Retyping each entry exactly is the whole task.

Entries taken from a collection:
[Start of Attachment]

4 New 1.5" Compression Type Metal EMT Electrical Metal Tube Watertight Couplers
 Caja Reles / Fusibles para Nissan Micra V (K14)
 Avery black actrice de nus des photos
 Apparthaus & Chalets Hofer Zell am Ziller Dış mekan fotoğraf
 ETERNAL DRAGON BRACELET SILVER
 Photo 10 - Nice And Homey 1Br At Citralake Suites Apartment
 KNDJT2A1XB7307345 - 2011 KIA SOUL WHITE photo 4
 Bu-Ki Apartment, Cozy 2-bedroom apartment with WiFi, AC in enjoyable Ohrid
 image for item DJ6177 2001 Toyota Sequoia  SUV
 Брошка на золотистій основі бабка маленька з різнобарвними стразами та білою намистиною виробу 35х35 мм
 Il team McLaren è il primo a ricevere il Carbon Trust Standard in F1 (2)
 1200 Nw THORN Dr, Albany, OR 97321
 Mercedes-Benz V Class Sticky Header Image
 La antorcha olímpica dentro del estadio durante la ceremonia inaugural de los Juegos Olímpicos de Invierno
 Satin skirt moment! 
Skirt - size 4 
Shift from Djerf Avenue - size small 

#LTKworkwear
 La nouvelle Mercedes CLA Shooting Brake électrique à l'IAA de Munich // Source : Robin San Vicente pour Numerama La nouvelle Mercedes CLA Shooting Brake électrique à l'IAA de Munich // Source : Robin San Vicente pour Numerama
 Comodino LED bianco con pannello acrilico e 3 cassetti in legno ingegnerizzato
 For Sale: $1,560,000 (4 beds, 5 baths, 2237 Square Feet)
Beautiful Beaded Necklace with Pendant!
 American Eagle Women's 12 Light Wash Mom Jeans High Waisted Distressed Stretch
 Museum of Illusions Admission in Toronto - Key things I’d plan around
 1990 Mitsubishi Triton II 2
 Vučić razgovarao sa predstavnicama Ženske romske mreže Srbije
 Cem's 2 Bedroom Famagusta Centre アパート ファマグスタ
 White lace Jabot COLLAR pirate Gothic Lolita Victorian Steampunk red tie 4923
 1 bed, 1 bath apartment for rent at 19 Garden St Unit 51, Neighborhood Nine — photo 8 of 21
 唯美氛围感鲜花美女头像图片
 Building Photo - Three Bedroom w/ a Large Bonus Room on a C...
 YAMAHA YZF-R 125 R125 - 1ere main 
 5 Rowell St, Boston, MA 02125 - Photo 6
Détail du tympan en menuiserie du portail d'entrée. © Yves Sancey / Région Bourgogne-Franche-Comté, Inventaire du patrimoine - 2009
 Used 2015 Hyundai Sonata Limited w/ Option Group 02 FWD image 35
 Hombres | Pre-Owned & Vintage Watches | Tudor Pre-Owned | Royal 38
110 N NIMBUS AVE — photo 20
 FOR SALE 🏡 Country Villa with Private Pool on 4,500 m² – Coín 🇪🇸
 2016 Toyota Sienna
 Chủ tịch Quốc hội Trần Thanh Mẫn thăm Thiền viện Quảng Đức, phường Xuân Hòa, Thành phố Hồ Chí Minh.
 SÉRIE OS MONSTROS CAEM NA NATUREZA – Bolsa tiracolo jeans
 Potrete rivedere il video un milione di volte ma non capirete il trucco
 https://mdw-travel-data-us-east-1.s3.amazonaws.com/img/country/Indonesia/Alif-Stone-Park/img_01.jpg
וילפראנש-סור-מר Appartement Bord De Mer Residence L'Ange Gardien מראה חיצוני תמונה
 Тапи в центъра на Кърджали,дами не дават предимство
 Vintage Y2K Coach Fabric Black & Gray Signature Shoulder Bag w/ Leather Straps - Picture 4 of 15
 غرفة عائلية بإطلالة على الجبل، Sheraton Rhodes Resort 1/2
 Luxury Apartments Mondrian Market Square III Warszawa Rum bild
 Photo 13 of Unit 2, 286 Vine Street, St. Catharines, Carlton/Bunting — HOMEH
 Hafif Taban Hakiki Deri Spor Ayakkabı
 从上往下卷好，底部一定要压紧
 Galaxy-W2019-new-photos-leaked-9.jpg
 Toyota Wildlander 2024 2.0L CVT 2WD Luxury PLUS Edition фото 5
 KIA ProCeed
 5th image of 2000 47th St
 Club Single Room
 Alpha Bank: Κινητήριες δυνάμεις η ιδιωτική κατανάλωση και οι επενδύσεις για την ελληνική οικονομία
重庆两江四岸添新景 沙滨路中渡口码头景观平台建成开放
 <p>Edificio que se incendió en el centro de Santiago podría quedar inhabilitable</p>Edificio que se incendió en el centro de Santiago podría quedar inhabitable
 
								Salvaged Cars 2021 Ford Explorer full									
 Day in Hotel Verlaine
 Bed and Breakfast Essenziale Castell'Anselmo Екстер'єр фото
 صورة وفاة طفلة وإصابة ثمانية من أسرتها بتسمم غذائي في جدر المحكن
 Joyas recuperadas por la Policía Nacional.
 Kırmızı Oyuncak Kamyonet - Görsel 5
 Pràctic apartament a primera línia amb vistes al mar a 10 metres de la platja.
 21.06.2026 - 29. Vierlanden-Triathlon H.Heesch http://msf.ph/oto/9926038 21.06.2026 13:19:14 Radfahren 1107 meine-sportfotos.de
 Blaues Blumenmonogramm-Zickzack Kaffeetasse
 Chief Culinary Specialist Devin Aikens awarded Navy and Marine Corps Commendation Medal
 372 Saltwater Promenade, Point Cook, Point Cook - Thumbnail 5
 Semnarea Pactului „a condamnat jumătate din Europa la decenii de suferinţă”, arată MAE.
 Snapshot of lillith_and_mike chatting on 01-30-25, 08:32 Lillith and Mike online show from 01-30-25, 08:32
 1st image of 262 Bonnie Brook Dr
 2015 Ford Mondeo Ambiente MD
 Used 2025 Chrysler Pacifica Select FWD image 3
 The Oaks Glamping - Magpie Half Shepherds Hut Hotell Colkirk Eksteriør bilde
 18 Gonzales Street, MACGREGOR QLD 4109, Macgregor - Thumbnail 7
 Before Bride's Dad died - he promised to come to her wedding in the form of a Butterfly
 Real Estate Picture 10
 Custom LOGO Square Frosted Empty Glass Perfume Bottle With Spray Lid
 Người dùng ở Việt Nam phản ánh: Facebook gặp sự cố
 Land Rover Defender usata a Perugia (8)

[End of Attachment]

### FINISHED EXERCISE:
4 New 1.5" Compression Type Metal EMT Electrical Metal Tube Watertight Couplers
 Caja Reles / Fusibles para Nissan Micra V (K14)
 Avery black actrice de nus des photos
 Apparthaus & Chalets Hofer Zell am Ziller Dış mekan fotoğraf
 ETERNAL DRAGON BRACELET SILVER
 Photo 10 - Nice And Homey 1Br At Citralake Suites Apartment
 KNDJT2A1XB7307345 - 2011 KIA SOUL WHITE photo 4
 Bu-Ki Apartment, Cozy 2-bedroom apartment with WiFi, AC in enjoyable Ohrid
 image for item DJ6177 2001 Toyota Sequoia  SUV
 Брошка на золотистій основі бабка маленька з різнобарвними стразами та білою намистиною виробу 35х35 мм
 Il team McLaren è il primo a ricevere il Carbon Trust Standard in F1 (2)
 1200 Nw THORN Dr, Albany, OR 97321
 Mercedes-Benz V Class Sticky Header Image
 La antorcha olímpica dentro del estadio durante la ceremonia inaugural de los Juegos Olímpicos de Invierno
 Satin skirt moment! 
Skirt - size 4 
Shift from Djerf Avenue - size small 

#LTKworkwear
 La nouvelle Mercedes CLA Shooting Brake électrique à l'IAA de Munich // Source : Robin San Vicente pour Numerama La nouvelle Mercedes CLA Shooting Brake électrique à l'IAA de Munich // Source : Robin San Vicente pour Numerama
 Comodino LED bianco con pannello acrilico e 3 cassetti in legno ingegnerizzato
 For Sale: $1,560,000 (4 beds, 5 baths, 2237 Square Feet)
Beautiful Beaded Necklace with Pendant!
 American Eagle Women's 12 Light Wash Mom Jeans High Waisted Distressed Stretch
 Museum of Illusions Admission in Toronto - Key things I’d plan around
 1990 Mitsubishi Triton II 2
 Vučić razgovarao sa predstavnicama Ženske romske mreže Srbije
 Cem's 2 Bedroom Famagusta Centre アパート ファマグスタ
 White lace Jabot COLLAR pirate Gothic Lolita Victorian Steampunk red tie 4923
 1 bed, 1 bath apartment for rent at 19 Garden St Unit 51, Neighborhood Nine — photo 8 of 21
 唯美氛围感鲜花美女头像图片
 Building Photo - Three Bedroom w/ a Large Bonus Room on a C...
 YAMAHA YZF-R 125 R125 - 1ere main 
 5 Rowell St, Boston, MA 02125 - Photo 6
Détail du tympan en menuiserie du portail d'entrée. © Yves Sancey / Région Bourgogne-Franche-Comté, Inventaire du patrimoine - 2009
 Used 2015 Hyundai Sonata Limited w/ Option Group 02 FWD image 35
 Hombres | Pre-Owned & Vintage Watches | Tudor Pre-Owned | Royal 38
110 N NIMBUS AVE — photo 20
 FOR SALE 🏡 Country Villa with Private Pool on 4,500 m² – Coín 🇪🇸
 2016 Toyota Sienna
 Chủ tịch Quốc hội Trần Thanh Mẫn thăm Thiền viện Quảng Đức, phường Xuân Hòa, Thành phố Hồ Chí Minh.
 SÉRIE OS MONSTROS CAEM NA NATUREZA – Bolsa tiracolo jeans
 Potrete rivedere il video un milione di volte ma non capirete il trucco
 https://mdw-travel-data-us-east-1.s3.amazonaws.com/img/country/Indonesia/Alif-Stone-Park/img_01.jpg
וילפראנש-סור-מר Appartement Bord De Mer Residence L'Ange Gardien מראה חיצוני תמונה
 Тапи в центъра на Кърджали,дами не дават предимство
 Vintage Y2K Coach Fabric Black & Gray Signature Shoulder Bag w/ Leather Straps - Picture 4 of 15
 غرفة عائلية بإطلالة على الجبل، Sheraton Rhodes Resort 1/2
 Luxury Apartments Mondrian Market Square III Warszawa Rum bild
 Photo 13 of Unit 2, 286 Vine Street, St. Catharines, Carlton/Bunting — HOMEH
 Hafif Taban Hakiki Deri Spor Ayakkabı
 从上往下卷好，底部一定要压紧
 Galaxy-W2019-new-photos-leaked-9.jpg
 Toyota Wildlander 2024 2.0L CVT 2WD Luxury PLUS Edition фото 5
 KIA ProCeed
 5th image of 2000 47th St
 Club Single Room
 Alpha Bank: Κινητήριες δυνάμεις η ιδιωτική κατανάλωση και οι επενδύσεις για την ελληνική οικονομία
重庆两江四岸添新景 沙滨路中渡口码头景观平台建成开放
 <p>Edificio que se incendió en el centro de Santiago podría quedar inhabilitable</p>Edificio que se incendió en el centro de Santiago podría quedar inhabitable
 
								Salvaged Cars 2021 Ford Explorer full									
 Day in Hotel Verlaine
 Bed and Breakfast Essenziale Castell'Anselmo Екстер'єр фото
 صورة وفاة طفلة وإصابة ثمانية من أسرتها بتسمم غذائي في جدر المحكن
 Joyas recuperadas por la Policía Nacional.
 Kırmızı Oyuncak Kamyonet - Görsel 5
 Pràctic apartament a primera línia amb vistes al mar a 10 metres de la platja.
 21.06.2026 - 29. Vierlanden-Triathlon H.Heesch http://msf.ph/oto/9926038 21.06.2026 13:19:14 Radfahren 1107 meine-sportfotos.de
 Blaues Blumenmonogramm-Zickzack Kaffeetasse
 Chief Culinary Specialist Devin Aikens awarded Navy and Marine Corps Commendation Medal
 372 Saltwater Promenade, Point Cook, Point Cook - Thumbnail 5
 Semnarea Pactului „a condamnat jumătate din Europa la decenii de suferinţă”, arată MAE.
 Snapshot of lillith_and_mike chatting on 01-30-25, 08:32 Lillith and Mike online show from 01-30-25, 08:32
 1st image of 262 Bonnie Brook Dr
 2015 Ford Mondeo Ambiente MD
 Used 2025 Chrysler Pacifica Select FWD image 3
 The Oaks Glamping - Magpie Half Shepherds Hut Hotell Colkirk Eksteriør bilde
 18 Gonzales Street, MACGREGOR QLD 4109, Macgregor - Thumbnail 7
 Before Bride's Dad died - he promised to come to her wedding in the form of a Butterfly
 Real Estate Picture 10
 Custom LOGO Square Frosted Empty Glass Perfume Bottle With Spray Lid
 Người dùng ở Việt Nam phản ánh: Facebook gặp sự cố
 Land Rover Defender usata a Perugia (8)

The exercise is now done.